Second: $$m$$ is even. In the equation $[n + (m^2 – 1)][n – m^2 – 1)] = m^4$ the factors $$n + (m^2 – 1)$$ and $$n – (m^2 – 1)$$ currently represent even numbers. In letting: $n + (m^2 – 1) = 2a \\ n – (m^2 – 1) = 2b \\ m = 2r$ we have $n = a + b \\ m^2 – 1 = a – b \\ 4ab = m^4 = 16r^4 \\ ab = 4r^4$

$$n$$ and $$m^2 – 1$$ are co-prime, and it is the same with $$a$$ and $$b$$. Consequently, by virtue of the equality $$ab = 4r^4$$, one of the two numbers $$(a, b)$$ is four times an integer to the fourth power and the other is an integer to the fourth power; that is, we have: $a = 4p^4, b = q^4 \text{ or } a = p^4, b = 4q^4$

But the equalities $$a = p^4, b = 4q^4$$ are not acceptable, because they result in $$m^2 – 1 = p^4 – 4q^4$$, an absurd equality in which the first member is one less than a multiple of four and the other is one more than a multiple of four. We must therefore take $a = 4p^4, b = q^4$

It follows that $m^2 – 1 = 4p^4 – q^4$ and that $4p^4q^4 = 4r^4, 4p^2q^2 = 4r^2 = m^2$ where $4p^2q^2 – 1 = 4p^4 – q^4 \\ q^4 + 4p^2q^2 – (4p^4 + 1) = 0 \\ q^2 = -2p^2 + \sqrt{8p^4 + 1}$

$$8p^4 + 1$$ being necessarily equal to the square of an odd number, we have $8p^4 + 1 = (2k + 1)^2$ and, as a result, $\frac{k(k+1)}{2} = p^4$ an equation which yields $p^2 = 1 \text{ or } p = 0$ (Legendre, Théorie des nombres, volume two, p. 7, 1830 edition: “No triangular number $$\frac{x(x+1)}{2}$$ except 1 is equal to an integer to the fourth power.”)

For $$p^2 = 1, q^2 = -2 + \sqrt{9} = 1$$, $m^2 = 4, x = 7, y = \pm 20$ and for $$p^2 = 0, q^2 = 1,$$ $m^2 = 0, x = -1, y = 0$

Therefore, when $$m$$ is even, the complete list of solutions of the equation $$y^2 = x^3 + x^2 + x + 1$$ are $x = 7, y = \pm 20 \text{ and } x = -1, y = 0$ This last solution was already mentioned.

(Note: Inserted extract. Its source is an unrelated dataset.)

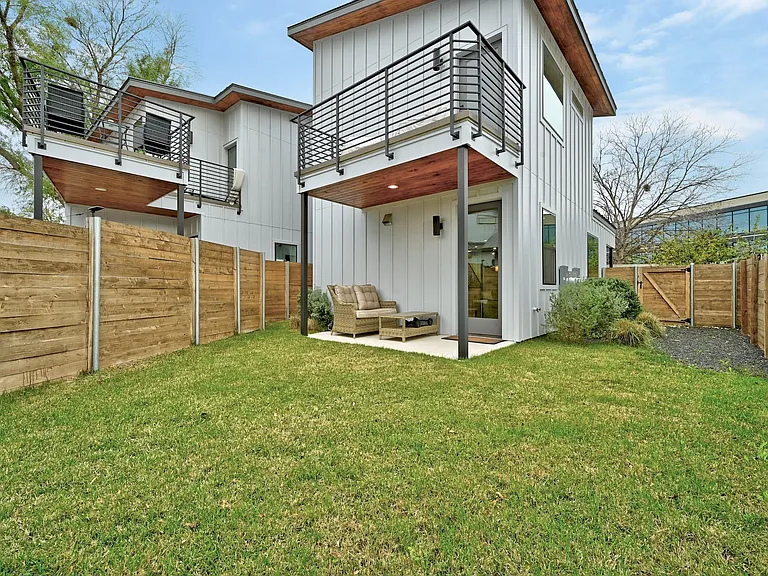 201 Tillery Sq #2 — Photo 19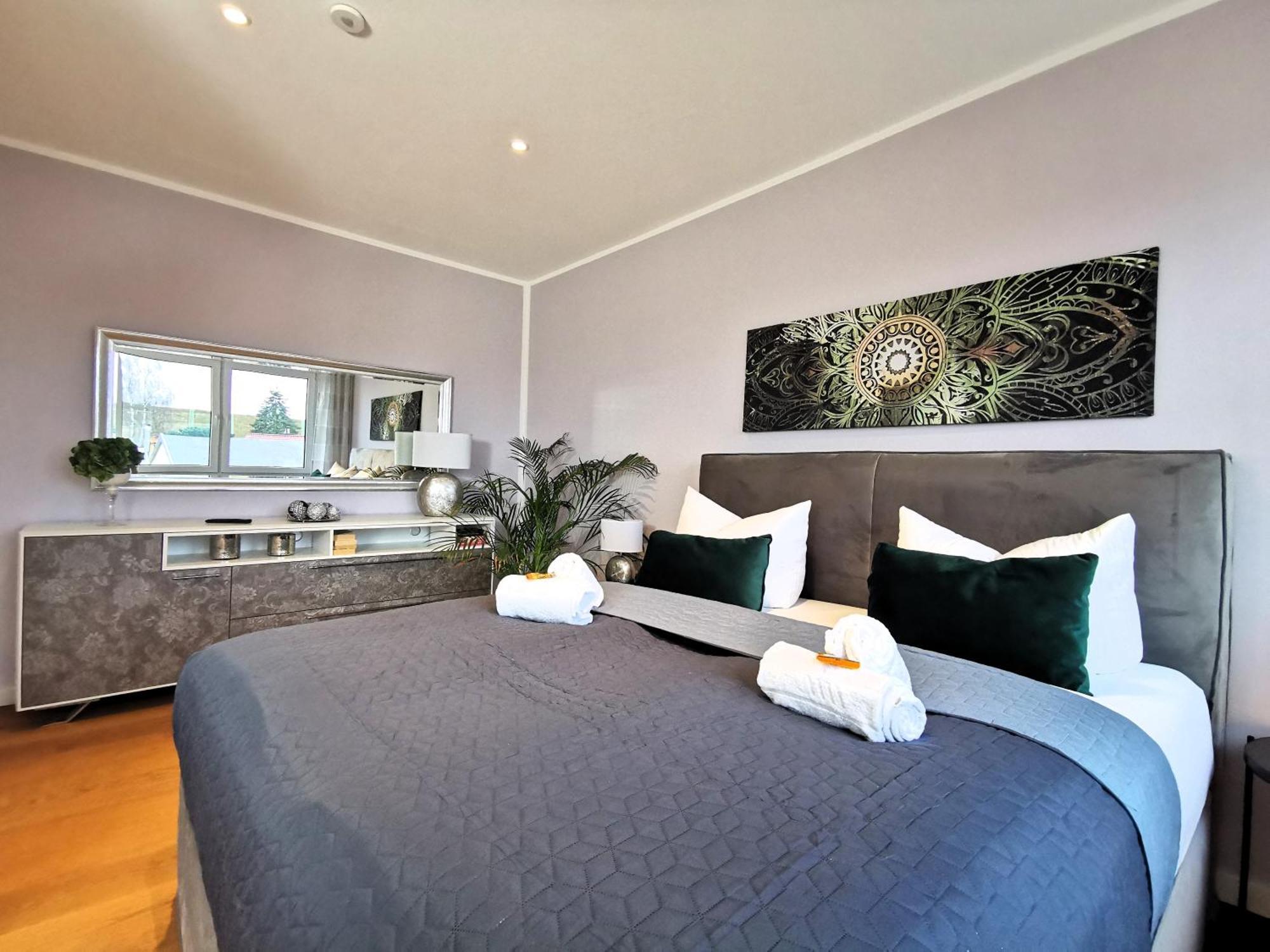 Bohnapartments Luxury Villa Berlin - 210Qm - Wintergarten - Kamin - 4 Kostenlose Parkplaetze - 6 Schlafzimmer - Neubau - Luxusausstattung Birkenwerder Zewnętrze zdjęcie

Based on all of the preceding, we conclude that the indeterminate equation $$y^2 = x^3 + x^2 + x + 1$$ has the solutions $x = -1, y = 0 \\ x = 0, y = \pm 1 \\ x = 1, y = \pm 2 \\ x = 7, y = \pm 20$ and that it is not possible to find any other values for the unknowns $$x$$ and $$y$$.